Photo courtesy of Drawn & Quarterly
Canada seems to be liking AUH too, as evidenced by this remarkable bit of news: It made the top five best-selling cookbooks in Quebec! Yay, and thanks to the Drawn & Quarterly Bookstore in Montreal for the shout out and high honors. (And what a great name for a cookbook store...)

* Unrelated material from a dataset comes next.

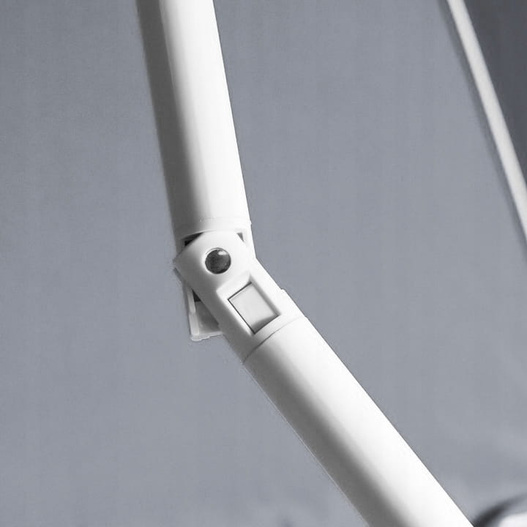 Parasol poliester średnica 240cm łamany szary 8 żeber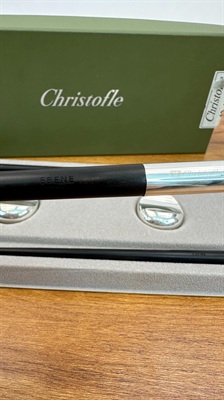Vintage Christofle Chopsticks with Chopstick Rests | Silver- Plated Ebony Wood SET OF 2 view 8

Finally, Chowhound has given its considerable blessing to AUH by including it on its "Cookbook Gift Guide for the Holidays." Thank you, Chowhound! This is what the folks there had to say: "Wrap your head around all the varieties of Chinese food in this comprehensive, contemporary portrait of a country's culinary geography and the history that has shaped it." And not only did these fine folks somehow prop me up near the top of that list, but I also find myself surrounded by some of my favorite authors. A terrific honor, and I am both moved and grateful. 

Now, on to more food...


*  *  *


Simplicity doesn’t have to mean boring, at least when it comes to vegan dishes like this. In fact, this dish is not only simple to make, but also fast and delicious.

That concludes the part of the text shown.